While being raised in IFB, I was always taught that KJV is the only true Word, IFB is the only true religion or denomination, all other religions/denominations are wrong and need to be saved! “Contemporary church” is wrong just because of the way they worship in song! I listened to contemporary music but it was monitored on how much “worldly” instruments were being used. I was indoctrinated to believe that if you didn’t go to church I was better than you! I had basically told someone that one day, and looking back I can see what IFB has done to me, and that I was way wrong in what I had said.

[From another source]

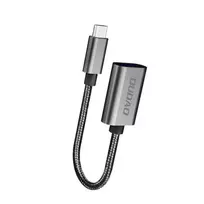 Dudao adapterio kabelis OTG USB 2.0 į USB Type C pilkas (L15T)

I just started listening to the podcast as of yesterday, and it is very nice to know that I am not the only one who has the same beliefs that I do about IFB. I started getting out of IFB about two years ago and it is still a struggle for me today. There are some day’s a struggle with if God still loves me, because I didn’t pray today, read the Bible today, or even go to church this week. I guess you can say I have anxiety about it, but plan on getting help in the near future to have more peace in my life. A couple of months ago I came out with friends and family that I was changing denominations, and I got social support, but found out not long ago that people from my former IFB church do not agree with what I am doing for myself and my family. My parents, siblings, and grandparents still go to the same IFB church I was raised in, and I hope that they can see what I see today.